======== Record set ========
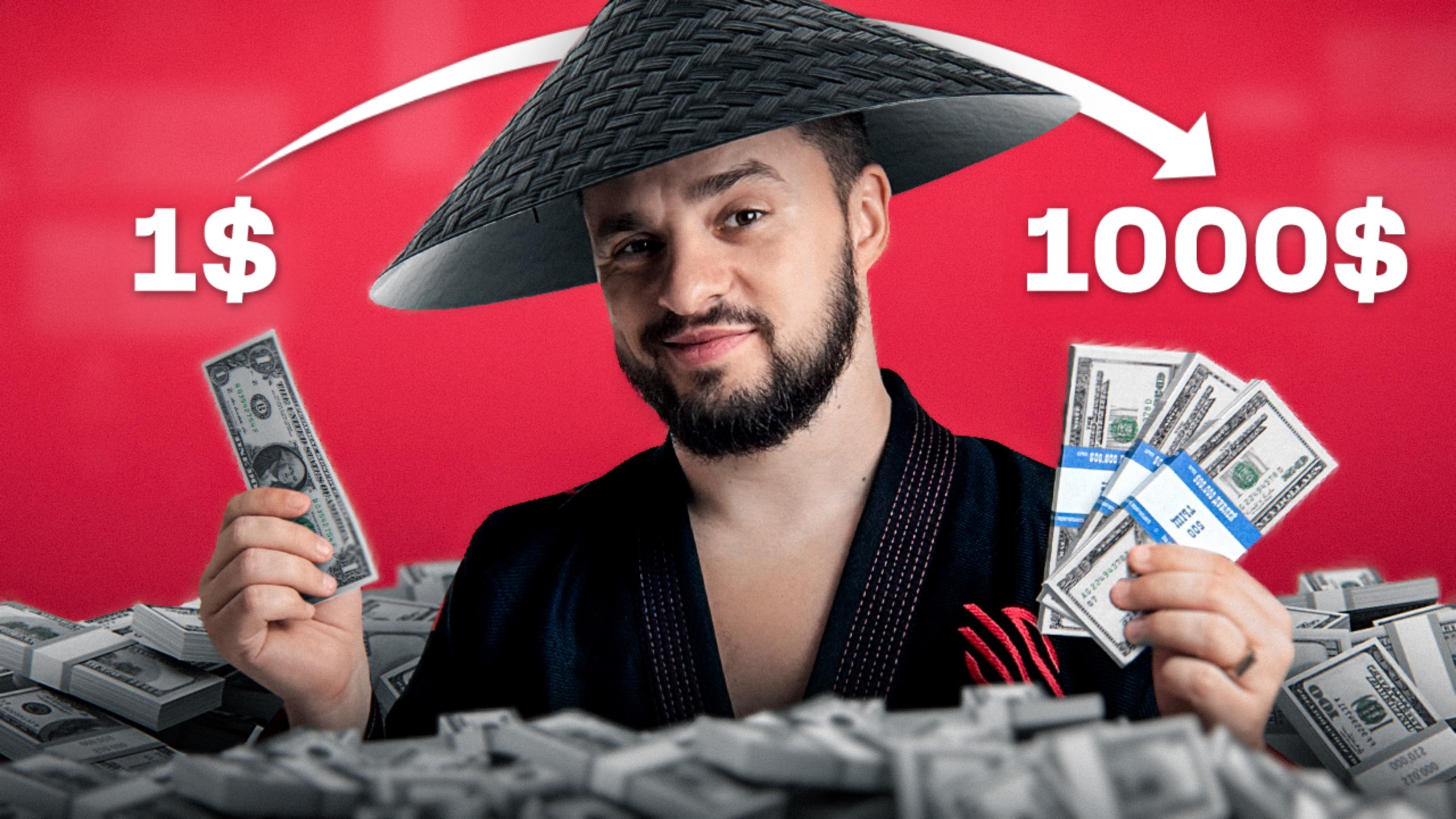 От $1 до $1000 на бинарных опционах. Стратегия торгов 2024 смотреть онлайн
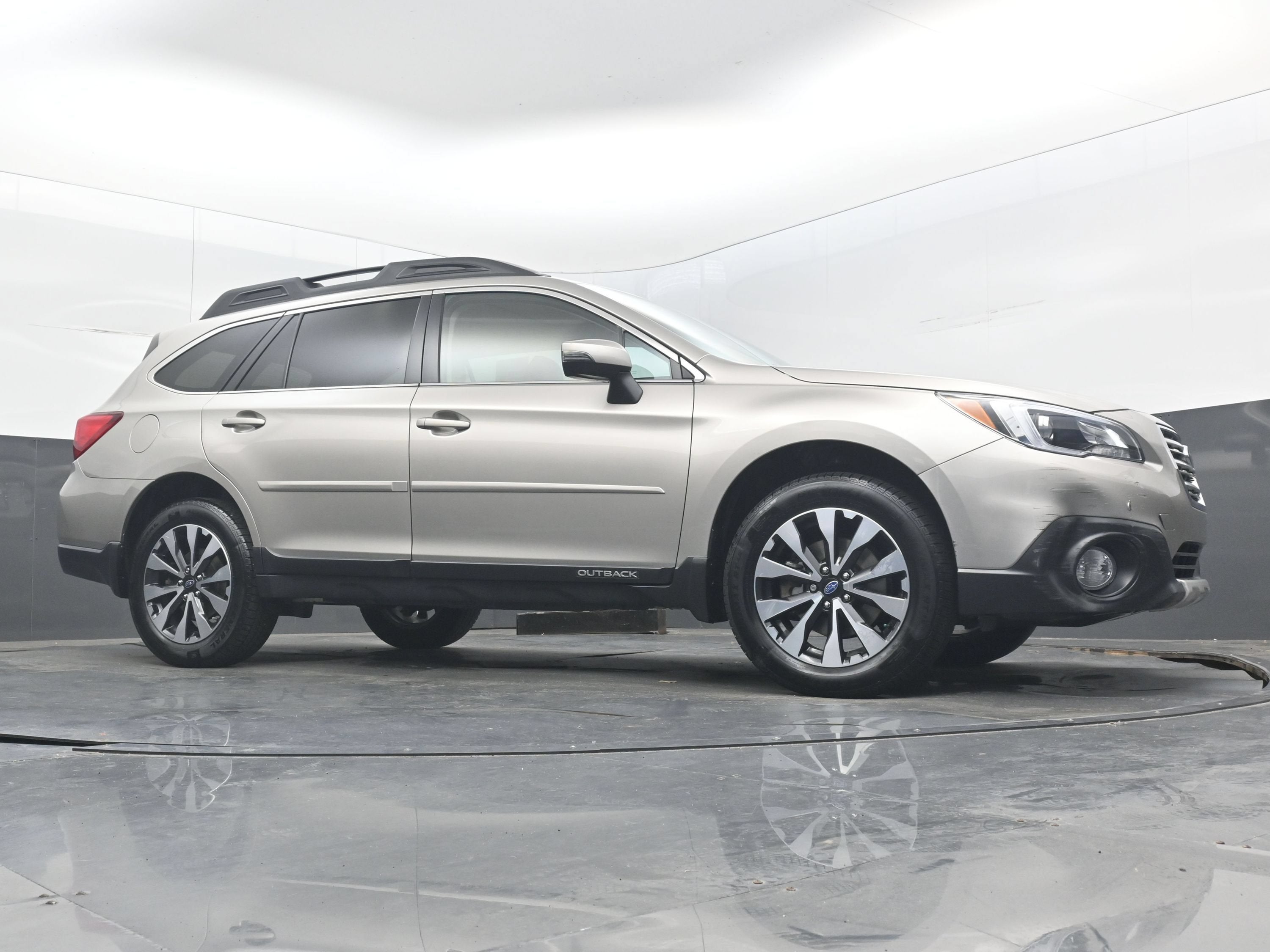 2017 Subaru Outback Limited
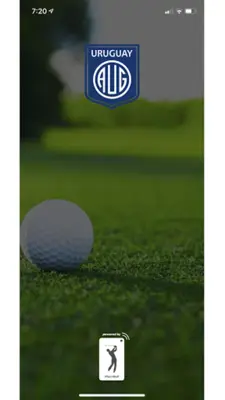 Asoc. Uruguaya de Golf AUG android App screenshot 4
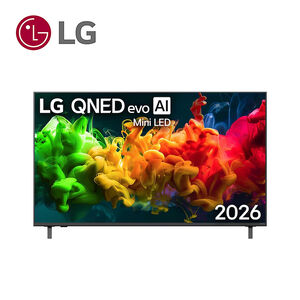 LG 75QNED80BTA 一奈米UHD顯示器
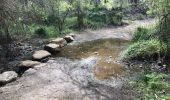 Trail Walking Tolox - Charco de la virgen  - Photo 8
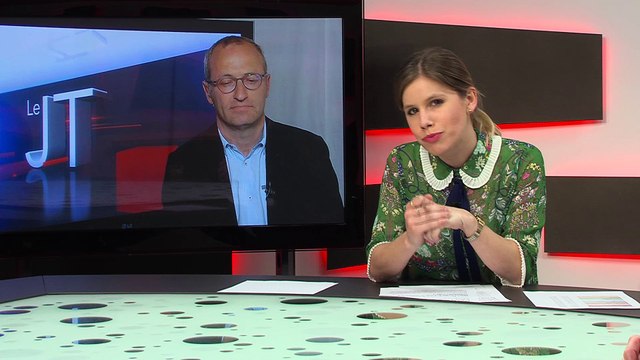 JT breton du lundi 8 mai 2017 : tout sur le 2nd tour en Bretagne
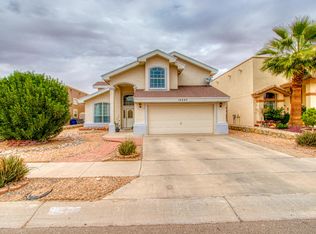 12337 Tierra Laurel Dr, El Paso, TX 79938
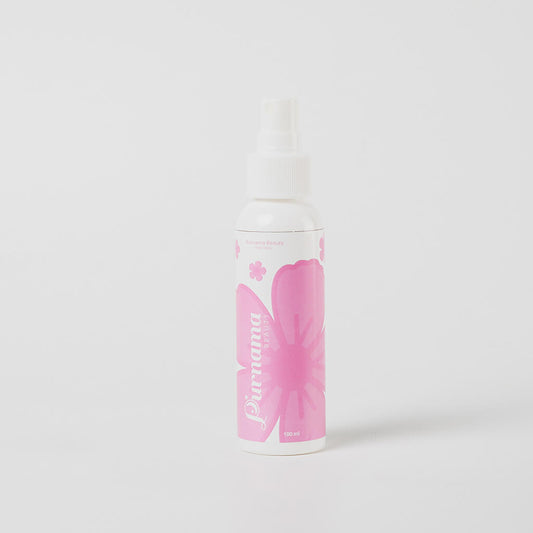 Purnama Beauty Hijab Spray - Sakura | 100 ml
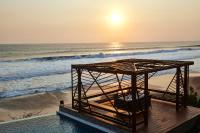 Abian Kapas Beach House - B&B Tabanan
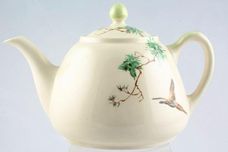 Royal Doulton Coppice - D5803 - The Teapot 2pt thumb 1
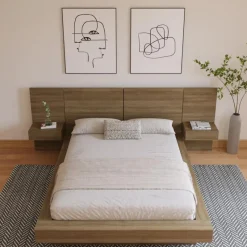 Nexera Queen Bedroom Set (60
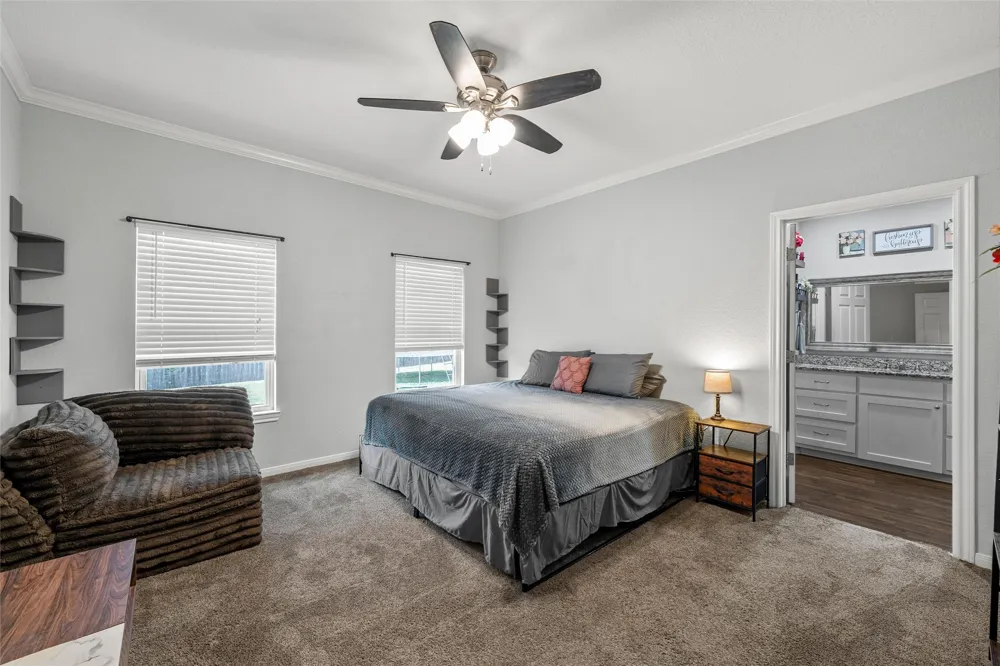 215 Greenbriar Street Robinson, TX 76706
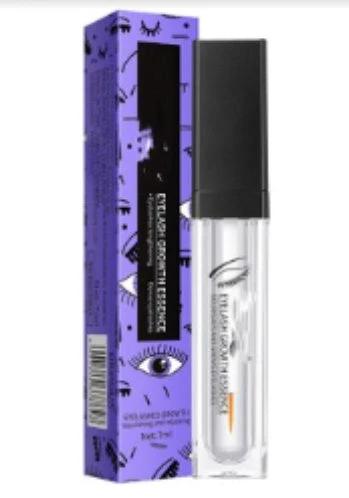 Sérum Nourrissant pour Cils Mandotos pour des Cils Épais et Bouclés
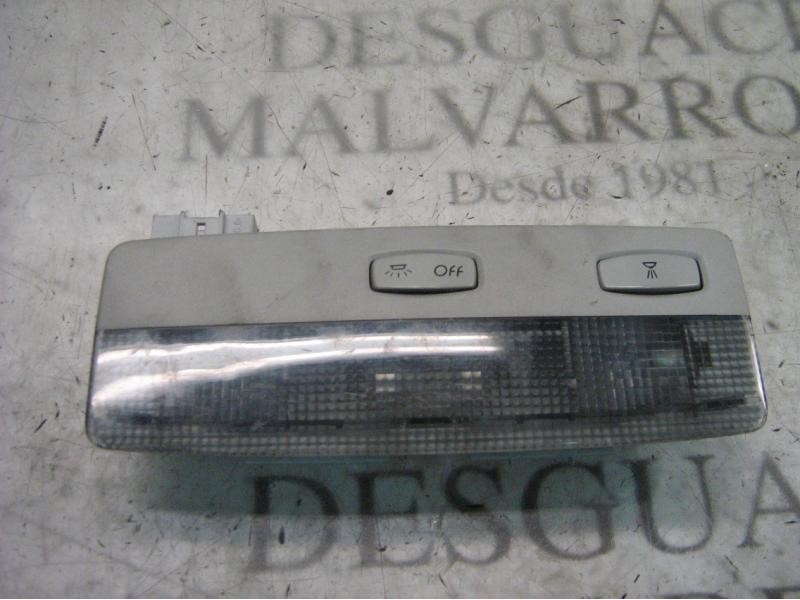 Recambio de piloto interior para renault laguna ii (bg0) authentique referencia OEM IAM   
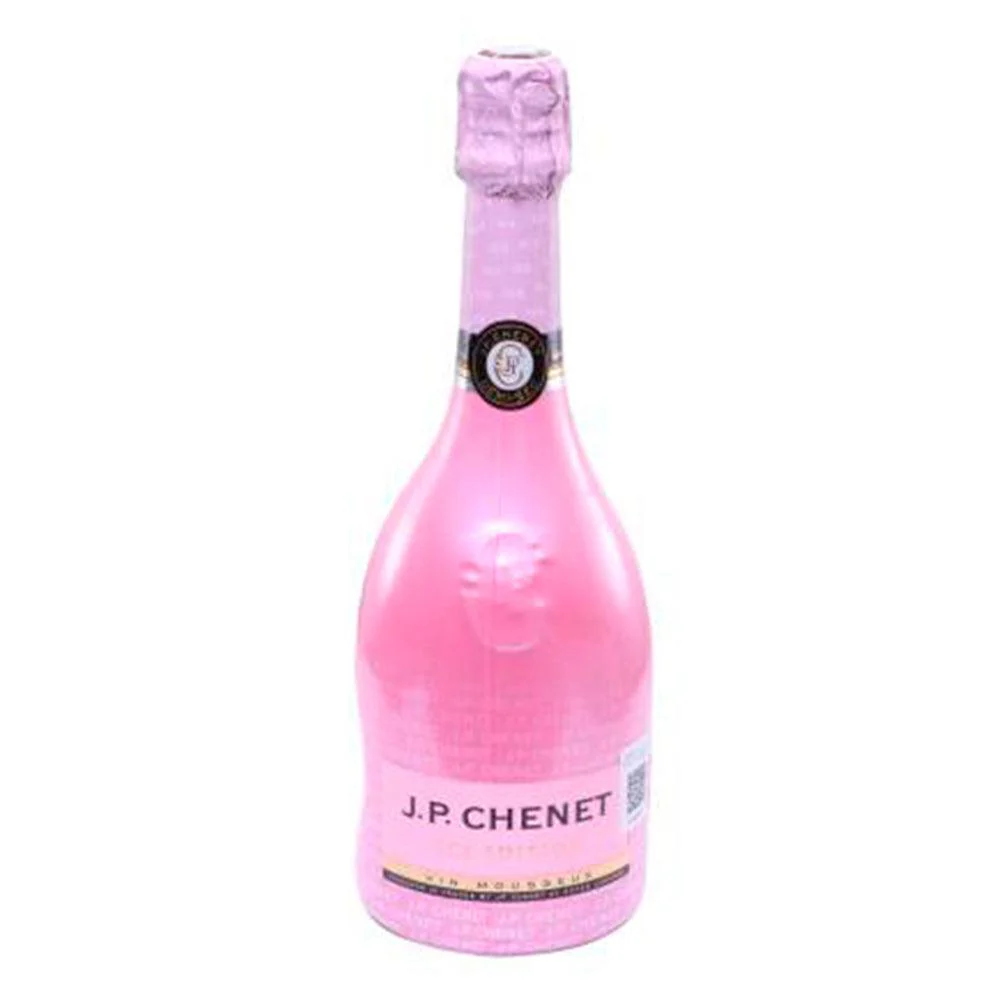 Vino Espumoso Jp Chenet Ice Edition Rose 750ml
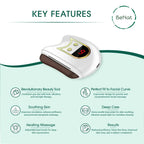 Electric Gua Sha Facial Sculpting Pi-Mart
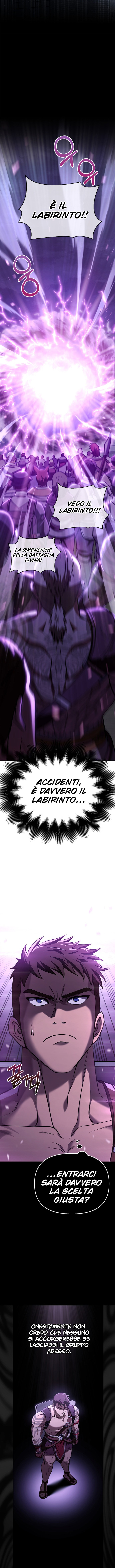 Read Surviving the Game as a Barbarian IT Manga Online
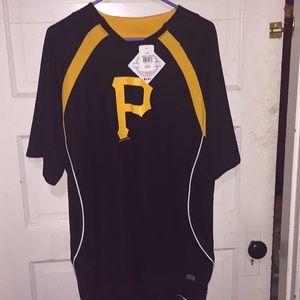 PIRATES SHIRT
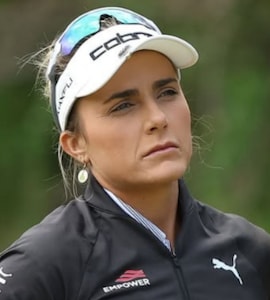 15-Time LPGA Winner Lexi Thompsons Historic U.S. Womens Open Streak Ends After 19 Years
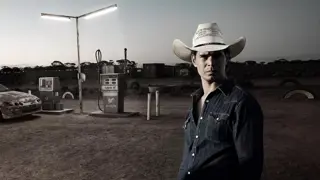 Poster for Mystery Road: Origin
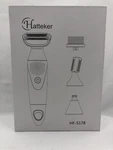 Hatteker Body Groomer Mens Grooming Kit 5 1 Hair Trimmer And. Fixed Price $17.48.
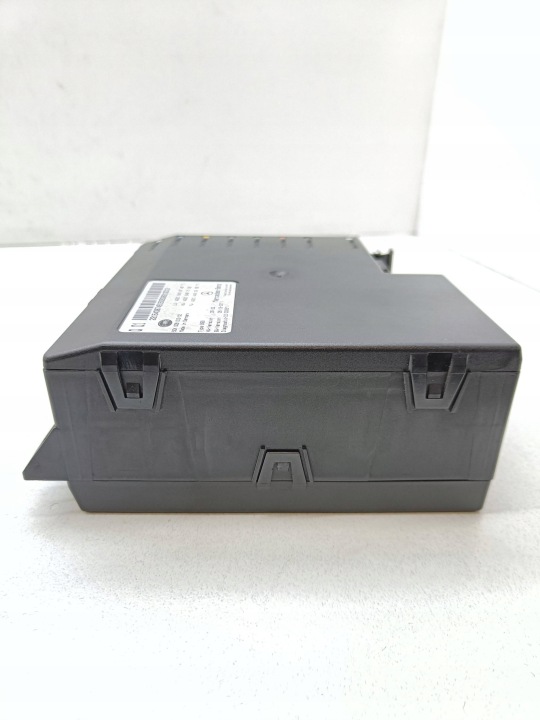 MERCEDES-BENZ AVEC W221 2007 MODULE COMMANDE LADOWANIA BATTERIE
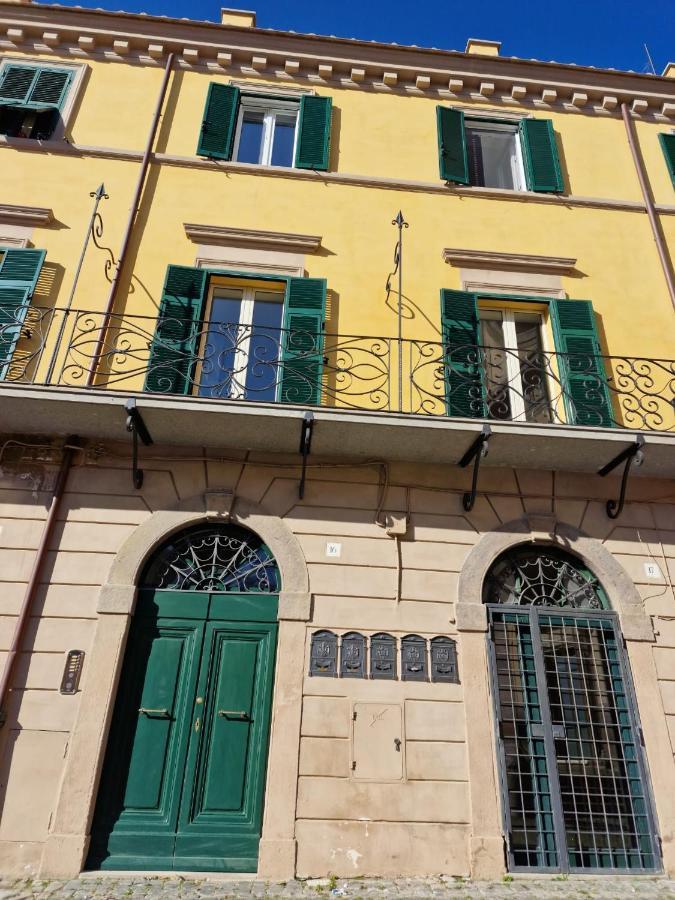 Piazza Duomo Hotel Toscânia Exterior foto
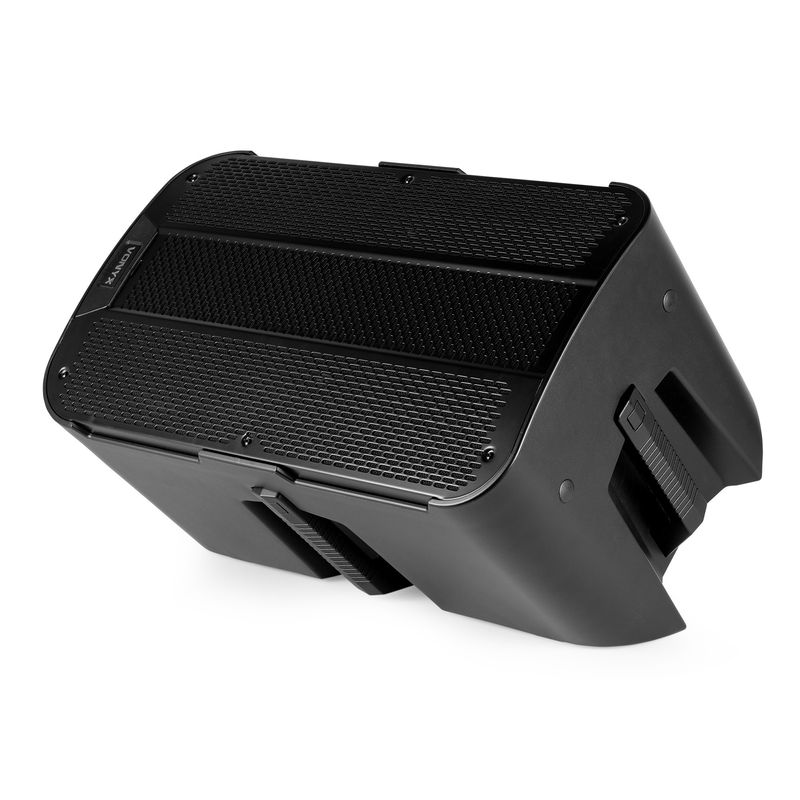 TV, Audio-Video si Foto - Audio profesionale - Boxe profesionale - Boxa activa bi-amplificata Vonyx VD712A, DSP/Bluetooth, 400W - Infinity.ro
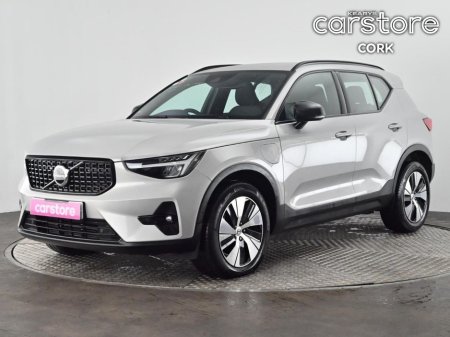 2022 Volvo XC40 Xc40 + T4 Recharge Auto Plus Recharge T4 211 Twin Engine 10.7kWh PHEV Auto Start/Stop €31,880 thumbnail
========
## Task requirements
Would you copy all of the data exactly? Keep the pictures out of it.

## The answer
 От $1 до $1000 на бинарных опционах. Стратегия торгов 2024 смотреть онлайн
 2017 Subaru Outback Limited
 Asoc. Uruguaya de Golf AUG android App screenshot 4
 LG 75QNED80BTA 一奈米UHD顯示器
 Trail Walking Tolox - Charco de la virgen  - Photo 8
 JT breton du lundi 8 mai 2017 : tout sur le 2nd tour en Bretagne
 12337 Tierra Laurel Dr, El Paso, TX 79938
 Purnama Beauty Hijab Spray - Sakura | 100 ml
 Abian Kapas Beach House - B&B Tabanan
 Royal Doulton Coppice - D5803 - The Teapot 2pt thumb 1
 Nexera Queen Bedroom Set (60
 215 Greenbriar Street Robinson, TX 76706
 Sérum Nourrissant pour Cils Mandotos pour des Cils Épais et Bouclés
 Recambio de piloto interior para renault laguna ii (bg0) authentique referencia OEM IAM   
 Vino Espumoso Jp Chenet Ice Edition Rose 750ml
 Electric Gua Sha Facial Sculpting Pi-Mart
 Read Surviving the Game as a Barbarian IT Manga Online
 PIRATES SHIRT
 15-Time LPGA Winner Lexi Thompsons Historic U.S. Womens Open Streak Ends After 19 Years
 Poster for Mystery Road: Origin
 Hatteker Body Groomer Mens Grooming Kit 5 1 Hair Trimmer And. Fixed Price $17.48.
 MERCEDES-BENZ AVEC W221 2007 MODULE COMMANDE LADOWANIA BATTERIE
 Piazza Duomo Hotel Toscânia Exterior foto
 TV, Audio-Video si Foto - Audio profesionale - Boxe profesionale - Boxa activa bi-amplificata Vonyx VD712A, DSP/Bluetooth, 400W - Infinity.ro
 2022 Volvo XC40 Xc40 + T4 Recharge Auto Plus Recharge T4 211 Twin Engine 10.7kWh PHEV Auto Start/Stop €31,880 thumbnail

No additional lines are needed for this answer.